Some of the arrests came after a group of demonstrators at the university set up barricades and set fire to trash containers, as the first day of a 48-hour strike to protest education spending cuts got underway.
The remainder came after the police responded to a request via fax made by the university to clear a student services building, which had been occupied for a number of days by students who were protesting against tougher requirements for access to grants.
Sources at the university explained they had been trying unsuccessfully to negotiate with the demonstrators, and added in a press release that they were “trying to restart the activities that are on offer in the building on a daily basis to benefit and attend to the students.”
Staff found the doors of their offices had been locked with chains”
The university took the decision to call in the police “given the deterioration of the conditions in terms of safety and hygiene” in the building.
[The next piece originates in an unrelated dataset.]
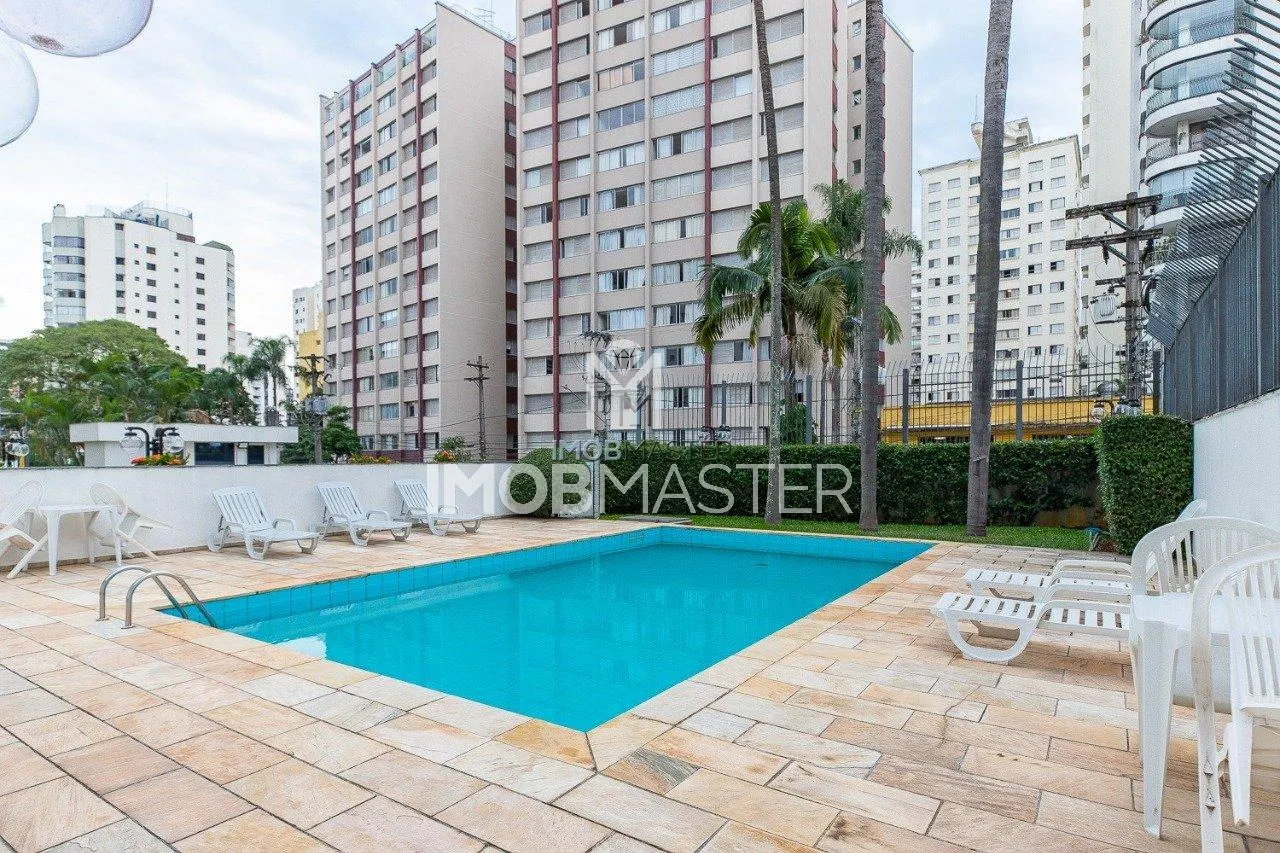 Apartamento com 2 suítes à venda em Moema, São Paulo, por R$ 2.550.000 Imagem 38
Given the situation, “the Madrid Complutense University has decided to reestablish normal working conditions and access to the student building,” the statement continued, adding that it regretted “the actions of intolerant minority groups, which distract from the legitimate expression of discontent and demands of other students.”
The president of the university, José Carrillo, defended the decision because the occupation of the building was impeding a total of 130 employees from getting to their place of work. “Yesterday we received a report from the health and safety committee that said that the building was in an unsafe and unhygienic condition, which was stopping them from working,” he explained on Wednesday. “There were a lot of people in there, as well as four dogs, butane canisters, cigarette smoke… With that report in my hand I couldn’t allow anyone into the building.” As such, the university took the decision on Tuesday to stop employees from entering the building, which also contains “sensitive” information about students, according to the president, “all of which is covered by the Data Protection Law.”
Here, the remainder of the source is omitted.